▸ **Exercise goal**: Using the material below, repeat exactly the lines from the one with "Dalrymple, Theodore - In Praise of Folly" through the one with "野河下雨钓鱼怎么钓鱼(野河下雨钓鱼怎么钓鱼好)", ends included, without any images.
══ Given records ══
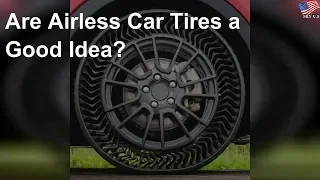 Are airless car tires a good idea?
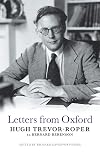 Letters from Oxford: Hugh Trevor-Roper to Bernard Berenson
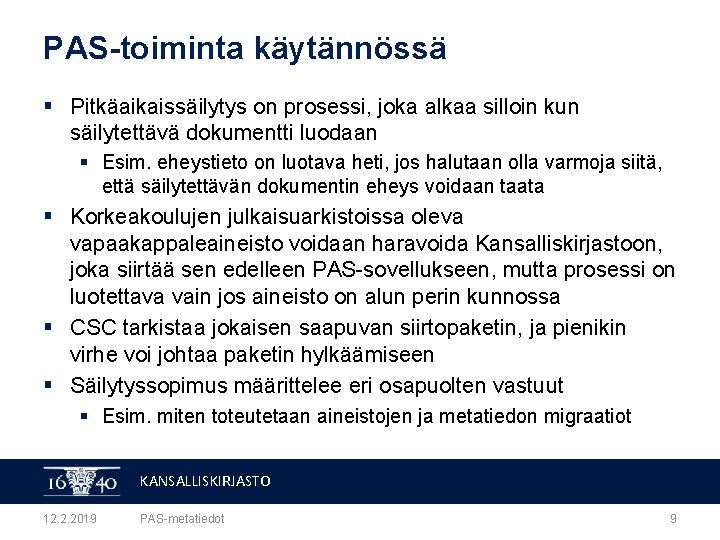 PAS-toiminta käytännössä § Pitkäaikaissäilytys on prosessi, joka alkaa silloin kun säilytettävä dokumentti luodaan §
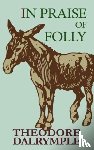 Dalrymple, Theodore - In Praise of Folly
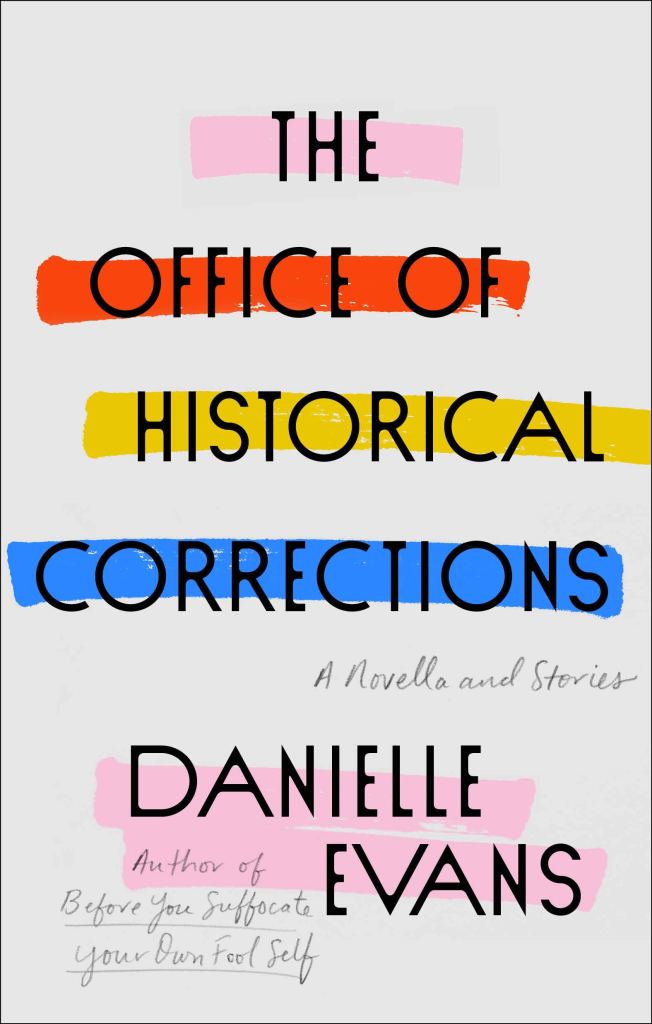 Danielle Evans - The Office of Historical Corrections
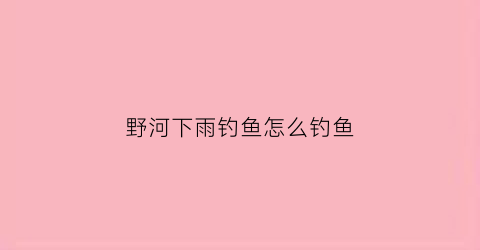 野河下雨钓鱼怎么钓鱼(野河下雨钓鱼怎么钓鱼好)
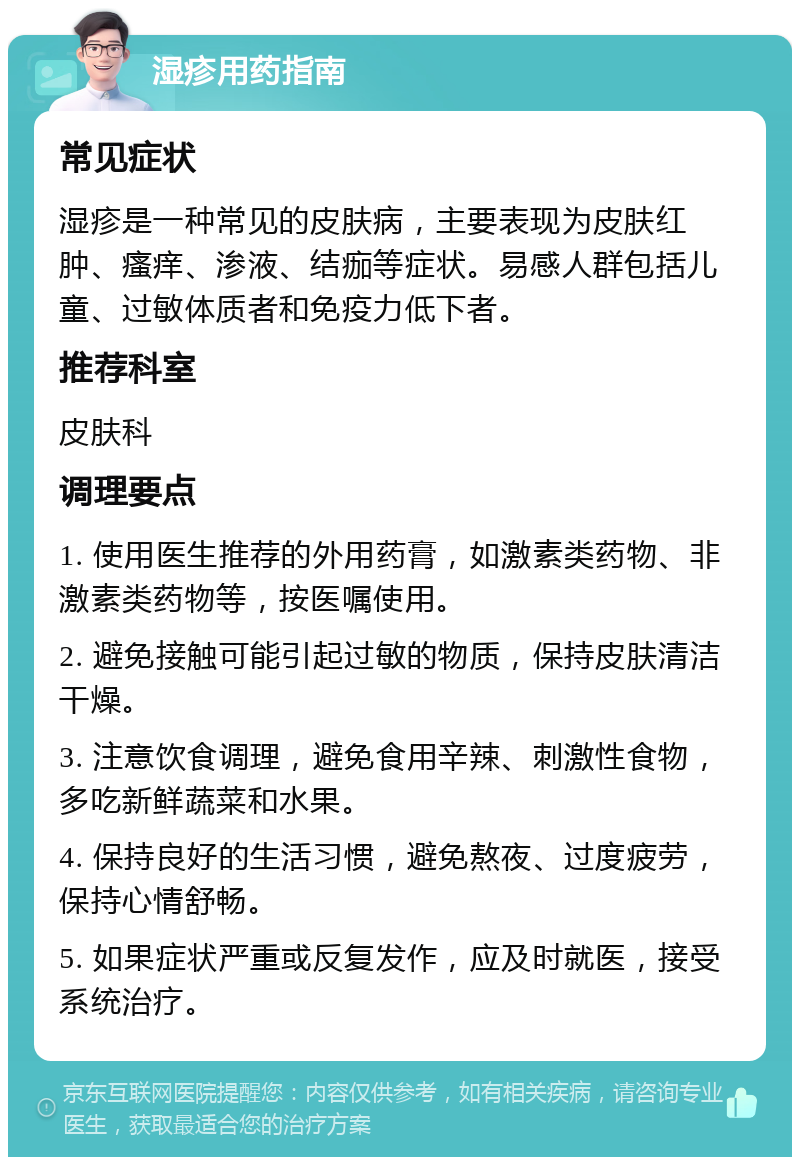 湿疹用药指南 常见症状 湿疹是一种常见的皮肤病，主要表现为皮肤红肿、瘙痒、渗液、结痂等症状。易感人群包括儿童、过敏体质者和免疫力低下者。 推荐科室 皮肤科 调理要点 1. 使用医生推荐的外用药膏，如激素类药物、非激素类药物等，按医嘱使用。 2. 避免接触可能引起过敏的物质，保持皮肤清洁干燥。 3. 注意饮食调理，避免食用辛辣、刺激性食物，多吃新鲜蔬菜和水果。 4. 保持良好的生活习惯，避免熬夜、过度疲劳，保持心情舒畅。 5. 如果症状严重或反复发作，应及时就医，接受系统治疗。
═══
▸ **Response to this exercise**:
 Dalrymple, Theodore - In Praise of Folly
 Danielle Evans - The Office of Historical Corrections
 野河下雨钓鱼怎么钓鱼(野河下雨钓鱼怎么钓鱼好)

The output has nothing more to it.